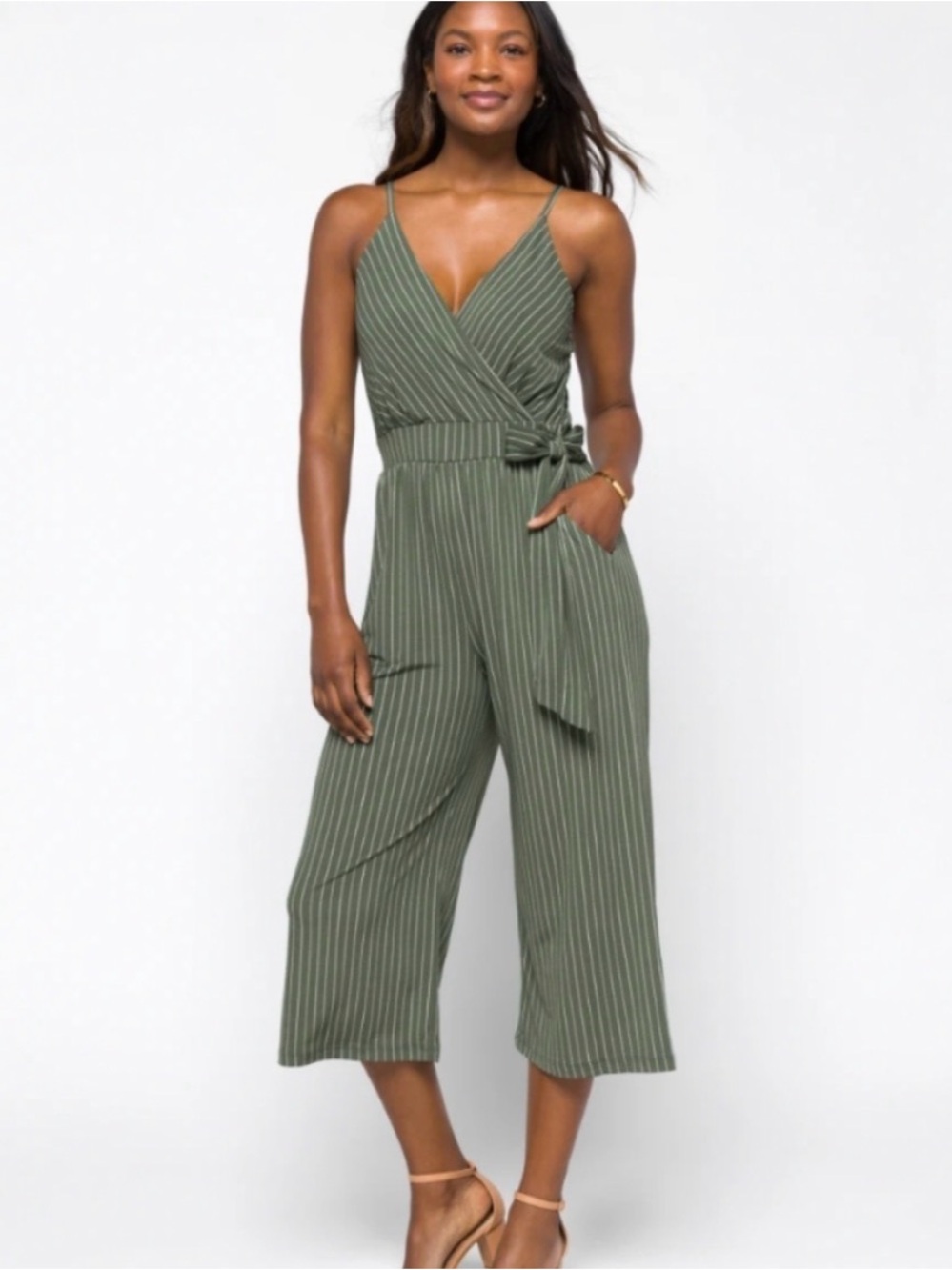 Kaileigh Olive Green Pinstripe Wrap Jumpsuit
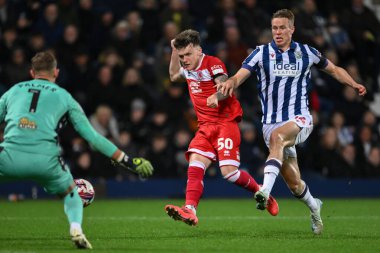 Ben Doak of Middlesbrough shoots on goal during the Sky Bet Championship match West Bromwich Albion vs Middlesbrough at The Hawthorns, West Bromwich, United Kingdom, 1st October 2024 clipart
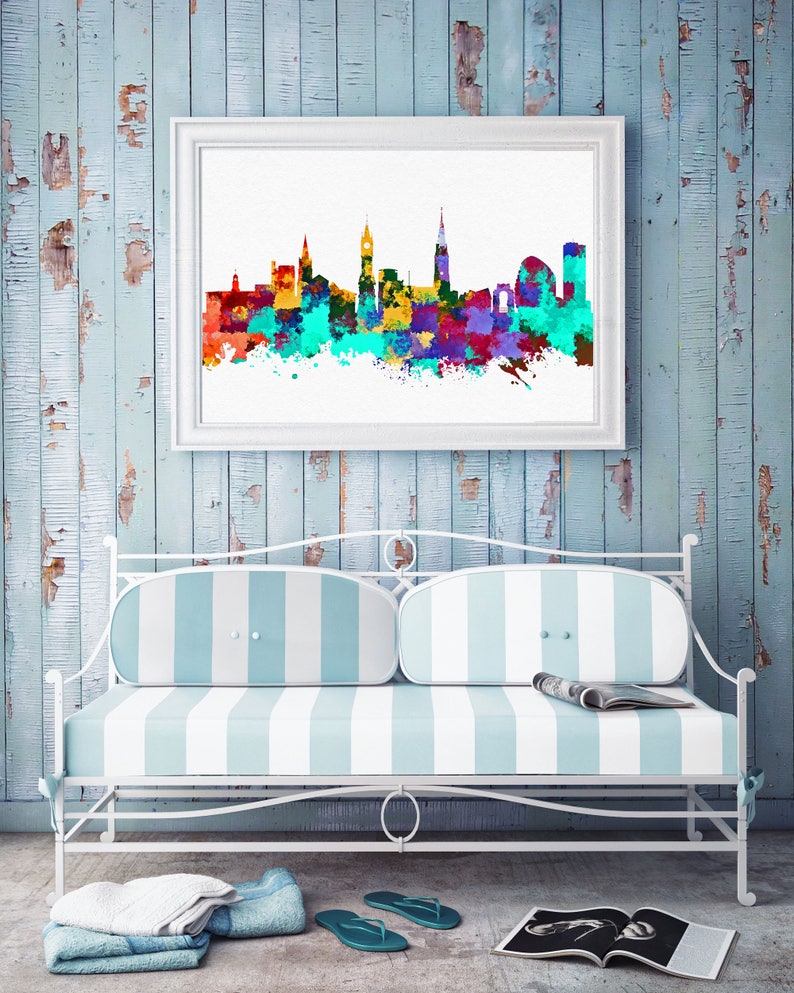Leicester City Print Leicester Skyline Leicester Wall Art ...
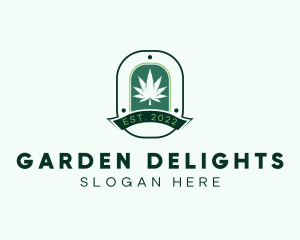 Marijuana Plant Herb Badge logo design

● ● ● ● ● ● ●

● **Task statement**: A faithful copy is needed of the lines from the one containing "Leicester City Print" through the last line of the data above, with pictures left out.

● **Expected output**:
Leicester City Print Leicester Skyline Leicester Wall Art ...
 Marijuana Plant Herb Badge logo design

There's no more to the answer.